Ketika akhirnya kucing tersebut ditangkap dan diperiksa di laboratorium kesehatan hewan, hasilnya mengejutkan: positif rabies.

Example 300x600

Peristiwa ini bukan sekadar insiden kecil. Setidaknya 11 warga telah menjadi korban gigitan, memicu kewaspadaan serius di lingkungan permukiman yang selama ini hidup berdampingan dengan hewan peliharaan.

Lurah Manumutin, Yasinta Mau, mengatakan sebagian besar korban telah mendapatkan penanganan medis.

╔════════════════════════════════╗
“Sembilan korban sudah mendapatkan penanganan medis di puskesmas. Dua korban lainnya belum divaksin karena hasil pemeriksaan menunjukkan tekanan darah mereka tinggi.”
╚════════════════════════════════╝

Setelah kasus itu terungkap, pihak kelurahan segera melaporkan kejadian tersebut kepada Dinas Kesehatan, Camat, dan BPBD Kabupaten Belu. Pendataan kembali kini dilakukan untuk memastikan tidak ada korban lain yang luput dari penanganan.

╔════════════════════════════════╗
“Saat ini kita melakukan pendataan ulang, untuk memastikan tidak ada korban lain dan penyebaran penyakit ini tidak meluas.”
╚════════════════════════════════╝

Yasinta juga mengingatkan masyarakat agar mengenali tanda-tanda hewan yang diduga terinfeksi rabies.

Menurutnya, perubahan perilaku adalah gejala paling mencolok.

╔════════════════════════════════╗
“Kucing yang terkena rabies biasanya menunjukkan perubahan perilaku yang mencolok. Bisa tiba-tiba agresif tanpa alasan, mudah marah, atau justru sangat lesu dan tidak aktif.”

“Kadang juga muncul gejala seperti air liur berlebihan, kesulitan menelan, dan tidak takut pada manusia atau hewan lain,” jelasnya.
╚════════════════════════════════╝

Peringatan lebih keras disampaikan Dokter Hewan Maria R. Mina. Ia menegaskan bahwa pemilik kucing maupun anjing wajib bertanggung jawab terhadap kesehatan hewan peliharaannya.

╔════════════════════════════════╗
“Pemilik kucing atau anjing wajib memvaksin hewan peliharaannya, mengandangkan, dan memperhatikan kesehatannya.”

“Kasus seperti ini sudah terjadi yang ketiga kalinya.

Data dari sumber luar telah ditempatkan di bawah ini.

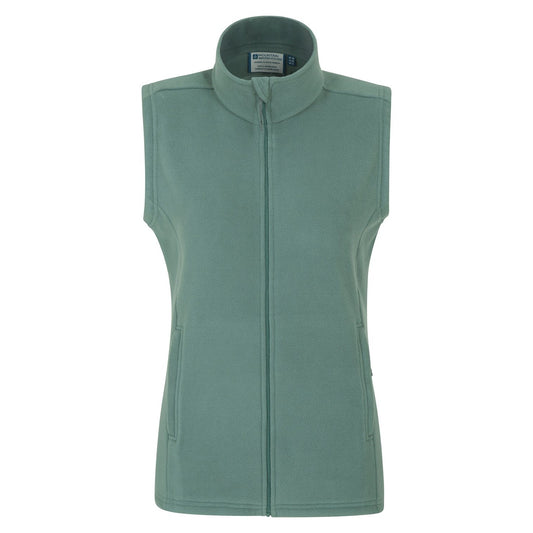 Green - Front - Mountain Warehouse Womens-Ladies Camber Gilet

Pasien yang pernah ditangani kurang lebih sudah 15 orang.”

“Ini sudah masuk zona merah.”
╚════════════════════════════════╝

Maria juga menegaskan bahwa merawat hewan bukan sekadar memberi makan. Pemilik harus memperhatikan kondisi kesehatan, lingkungan tempat tinggal, serta perilaku hewan yang dipelihara.

Secara kontekstual, berulangnya kasus gigitan hewan rabies di wilayah Belu menunjukkan bahwa kesadaran vaksinasi hewan peliharaan masih rendah. Tanpa pengawasan yang serius, rabies berpotensi menjadi ancaman kesehatan masyarakat yang lebih luas di kawasan permukiman padat.

Di tengah kehidupan kota perbatasan yang biasanya tenang, kejadian ini menjadi peringatan keras: bahwa ancaman rabies tidak selalu datang dari hutan atau hewan liar—tetapi bisa muncul dari hewan yang setiap hari hidup di halaman rumah manusia.